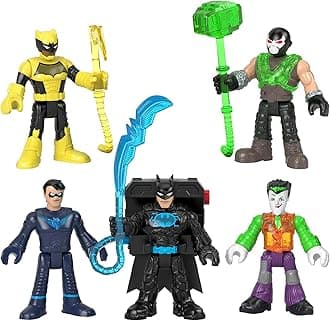 Imaginext DC Pack 5 Figures Batman Tech Dolls Character Toy Gift for Kids 3+ Years Old (Mattel GXD67)
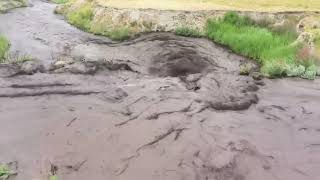 Drone captures INSANE DEBRIS FLOW off Pine Gulch Fire burn scar Colorado [upl. by Anoek775]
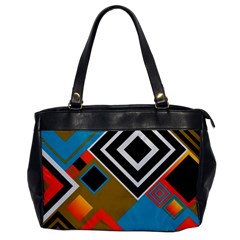 Retro Pattern Abstract Art Colorful Square Oversize Office Handbag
* * *
• What the task asks:
Would you please transcribe the listing in full, exactly, while omitting the images?

• Response to the task:
 Imaginext DC Pack 5 Figures Batman Tech Dolls Character Toy Gift for Kids 3+ Years Old (Mattel GXD67)
 Drone captures INSANE DEBRIS FLOW off Pine Gulch Fire burn scar Colorado [upl. by Anoek775]
 Retro Pattern Abstract Art Colorful Square Oversize Office Handbag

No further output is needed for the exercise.